Transcribe the data below verbatim from the line with "कैसे काम करते हैं इंसानों के घुटने?" to the line with "宝宝脚底有几块皮肤变色了,而且面积也变大了,去医院看过没有真菌感染". Include both of those lines.
──────── Working data ────────
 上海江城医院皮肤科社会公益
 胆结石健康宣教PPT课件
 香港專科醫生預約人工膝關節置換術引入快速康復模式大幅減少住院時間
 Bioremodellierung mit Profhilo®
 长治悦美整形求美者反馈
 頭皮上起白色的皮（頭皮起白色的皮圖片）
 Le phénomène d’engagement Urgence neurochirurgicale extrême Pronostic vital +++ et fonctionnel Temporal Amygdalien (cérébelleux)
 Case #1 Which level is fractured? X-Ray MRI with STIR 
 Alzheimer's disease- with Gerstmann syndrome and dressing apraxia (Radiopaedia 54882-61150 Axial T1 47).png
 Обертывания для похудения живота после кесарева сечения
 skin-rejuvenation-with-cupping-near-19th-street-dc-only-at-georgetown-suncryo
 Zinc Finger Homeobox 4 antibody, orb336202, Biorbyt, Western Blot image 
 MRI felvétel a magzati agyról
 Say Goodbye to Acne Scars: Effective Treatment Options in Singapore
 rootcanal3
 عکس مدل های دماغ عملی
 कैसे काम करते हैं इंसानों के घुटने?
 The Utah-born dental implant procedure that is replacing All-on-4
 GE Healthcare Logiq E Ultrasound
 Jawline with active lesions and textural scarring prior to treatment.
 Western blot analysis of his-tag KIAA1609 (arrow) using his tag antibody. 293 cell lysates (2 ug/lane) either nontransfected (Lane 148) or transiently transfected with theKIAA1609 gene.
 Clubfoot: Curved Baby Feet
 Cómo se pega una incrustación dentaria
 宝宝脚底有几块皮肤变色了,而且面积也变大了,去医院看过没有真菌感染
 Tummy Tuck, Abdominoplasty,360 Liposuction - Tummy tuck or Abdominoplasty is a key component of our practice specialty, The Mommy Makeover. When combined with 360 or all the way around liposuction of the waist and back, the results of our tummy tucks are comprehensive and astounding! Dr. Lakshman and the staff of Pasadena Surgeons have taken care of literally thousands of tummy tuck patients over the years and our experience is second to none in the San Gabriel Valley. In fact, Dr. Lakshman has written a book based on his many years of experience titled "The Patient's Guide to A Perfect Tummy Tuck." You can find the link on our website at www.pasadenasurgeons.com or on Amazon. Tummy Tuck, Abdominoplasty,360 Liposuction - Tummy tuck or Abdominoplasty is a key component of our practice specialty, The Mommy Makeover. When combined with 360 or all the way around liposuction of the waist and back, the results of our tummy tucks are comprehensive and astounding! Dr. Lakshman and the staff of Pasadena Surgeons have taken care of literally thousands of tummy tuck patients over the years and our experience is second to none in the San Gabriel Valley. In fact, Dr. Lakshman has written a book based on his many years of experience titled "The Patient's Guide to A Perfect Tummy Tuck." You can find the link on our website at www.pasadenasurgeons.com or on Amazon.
────────
Answer to the problem:
 कैसे काम करते हैं इंसानों के घुटने?
 The Utah-born dental implant procedure that is replacing All-on-4
 GE Healthcare Logiq E Ultrasound
 Jawline with active lesions and textural scarring prior to treatment.
 Western blot analysis of his-tag KIAA1609 (arrow) using his tag antibody. 293 cell lysates (2 ug/lane) either nontransfected (Lane 148) or transiently transfected with theKIAA1609 gene.
 Clubfoot: Curved Baby Feet
 Cómo se pega una incrustación dentaria
 宝宝脚底有几块皮肤变色了,而且面积也变大了,去医院看过没有真菌感染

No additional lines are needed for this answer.